A new campaign and parliamentary inquiry launches today focused on getting a better deal for children with cerebral palsy across the UK.
There are estimated to be 30,000 children in the UK with cerebral palsy. However support is inconsistent, leading to very different outcomes for different children.
Action Cerebral Palsy is a consortium of specialist charities working with children with cerebral palsy and their families. One of the primary objectives of the campaign will be to call for more consistent access to early and intensive support.
Amanda Richardson, Chair of Action Cerebral Palsy said: “We see every day the amazing progress that children with cerebral palsy can make, given the right support. But we are fully aware that only a small proportion of the 1,800 children born with cerebral palsy every year receive the early and intensive intervention that can transform their lives. By joining forces, we aim to get a better deal for all children with cerebral palsy.”
Early and intensive intervention can lead to significantly better outcomes for children with cerebral palsy and significant future benefits for society. With appropriate intervention, high levels of neuro-plasticity can be harnessed, allowing undamaged parts of the brain to take over some of the functions of the damaged part. A child’s motor learning at this early stage will form the foundation for the independence that they can achieve in later life, independence that will enhance individual outcomes, improve participation in all aspects of life, reduce the costs of social and health care, and for many, enable greater academic achievement and ability to work.
Action Cerebral Palsy will campaign for:
- Every child with cerebral palsy in the UK to have consistent access to high-quality services, enabling them to achieve their full potential
- Higher expectations of the potential outcomes for children and young people with cerebral palsy
- The earliest possible identification, assessment and diagnosis for infants and very young children with cerebral palsy
- A national early intervention programme for young children with cerebral palsy, with ring-fenced funding
- Better guidance and training for professionals working with children with cerebral palsy
Louise Taylor, mother of 7-year-old Sonny who has cerebral palsy and attends PACE, one of the consortium centres, said: “When Sonny was born we were given details of a bleak and uncertain future, but he is now highly motivated and has made massive achievements since he started to attend PACE. Early and intensive support for children like Sonny really can benefit not only the child, but also all those around him.
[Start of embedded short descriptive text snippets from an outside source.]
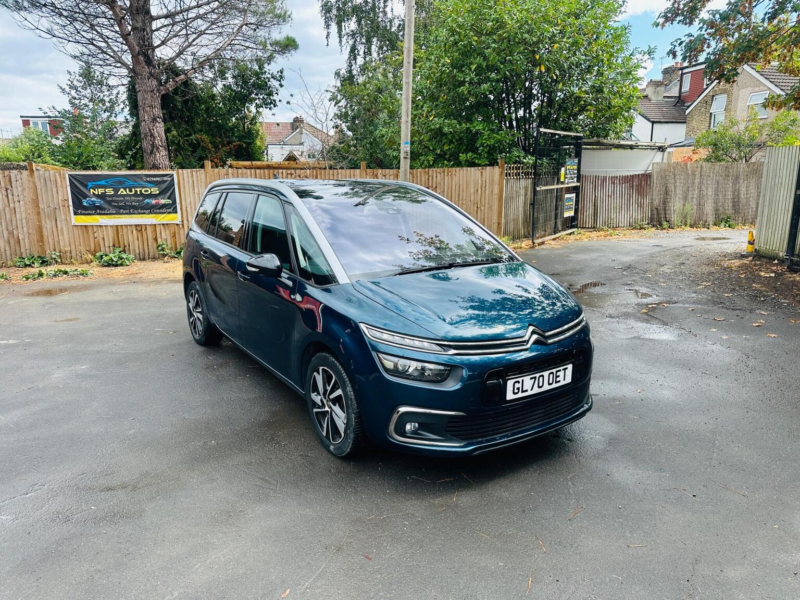 2021 Citroen Grand C4 Spacetourer 1.2 Puretech Shine Eat8 Euro 6 (s/s) 5dr in Blue — image 1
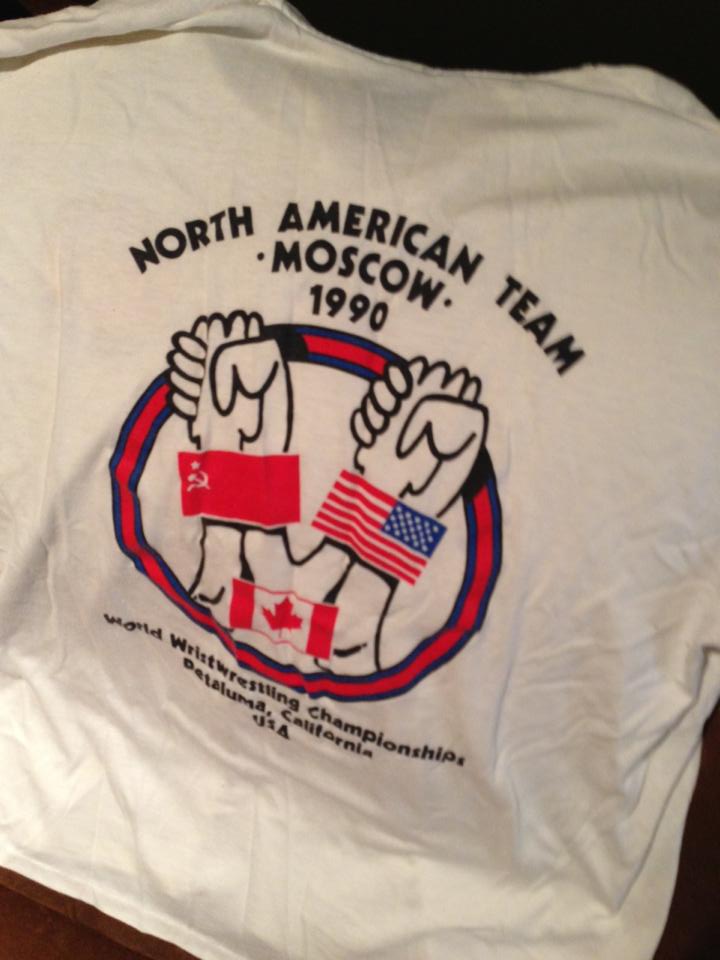 John Brzenk shirt - North American Team 1990 Golden Bear, Moscow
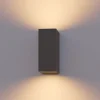 Calex utendørs vegglampe GU10, opp/ned, høyde 15 cm, antrasitt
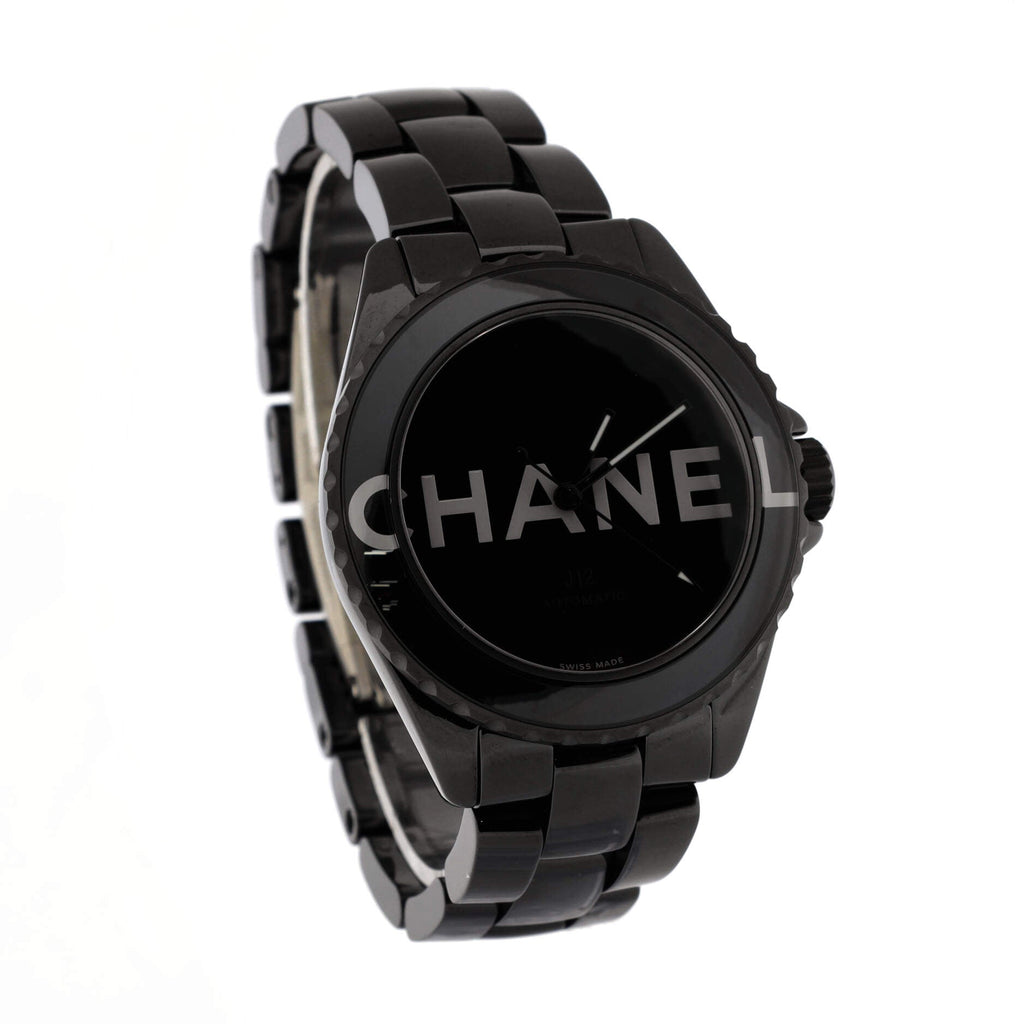 J12 Wanted de Chanel Automatc Watch Ceramic and Stainless Steel 38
We also know that the financial support Sonny will need in the future is now significantly less, thanks to all the improvements he has made.”
Paul Maynard, MP for Blackpool North & Cleveleys and the only Member of Parliament with cerebral palsy is supporting Action Cerebral Palsy. Today he is launching a parliamentary inquiry to identify the policy changes needed to help children with cerebral palsy achieve their full potential.
This inquiry will build on the recent Government announcement that health bodies will now be obliged to discuss with parents the educational advice, guidance and intervention services available to children with complex developmental and/or sensory needs, such as cerebral palsy, in the very early years. This is a very positive step and will lead to a more joined-up approach between the early years education and health systems, meaning parents can ensure that their children receive crucial support that they may not have been aware of.
The inquiry will explore the more fundamental changes needed to improve early intervention and more joined up working across education and health services for children with cerebral palsy.
Triple gold Paralympic medalist Sophie Christiansen OBE is also supporting Action Cerebral Palsy, she said:
“I’m supporting Action Cerebral Palsy as I know from personal experience the massive variation of help available for kids with cerebral palsy, dependent on where you live. If children with cerebral palsy are going to reach their full potential, they should all have access to the same high-quality services. It not only makes social sense, but also financial sense.”